Julie Bishop, whose ill thought out talking points on teacher performance pay went precisely nowhere when they were considered last week at a ministerial meeting with the states as predicted, has come clean and admitted her “incentives” model would lead to many teachers being paid less. The Minister, of course, is not advocating a pay cut for teachers, or is she?
“If people aren’t being paid just on the basis of years in the job, the increments would not automatically increase,” she told ABC’s Insiders program.
“Those who are assessed as being more skilled — their performance is better than others — would have a salary increase. Those who would not be so assessed would be paid less.”

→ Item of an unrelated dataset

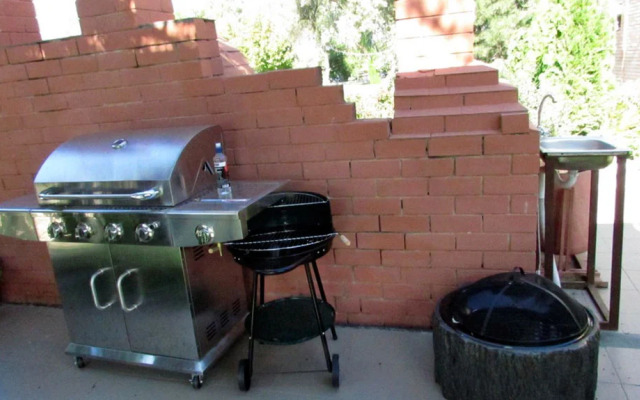 Замок (Астраханская обл)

Yet she denied that this amounted to cutting wages.
“I’m not talking about pay cuts. I’m talking about a differential in salaries,” she said.
Some of her previous musings have acknowledged that part of the problem with the teaching profession is that many who would otherwise want to join it, or stay in it, get demoralised by the comparatively low pay. Getting “stuck” at the top of a rather short incremental ladder is a big part of it. It’s pretty obvious to anyone but the logically challenged Federal Minister why the current proposal is an awful idea, but if you need any convincing, go read this ripper of a post from Pavlov’s Cat:
Is this what happens when pollies blindly follow the ideology of their parties? Is the economic-rationalist notion that human beings are merely quantifiable units something that these people really believe? Or have they just stopped bothering to see whether the ideology matches up with the daily life as we know and live it?
But in the meantime, Ms Bishop, here’s an idea for improving the performance of teachers. Leave them the hell alone, and stop putting even more unwanted and unwarranted stress on them than the load they’re already carrying.
Update: Tigtog links to a number of posts at different blogs on the Bishop and performance pay themes.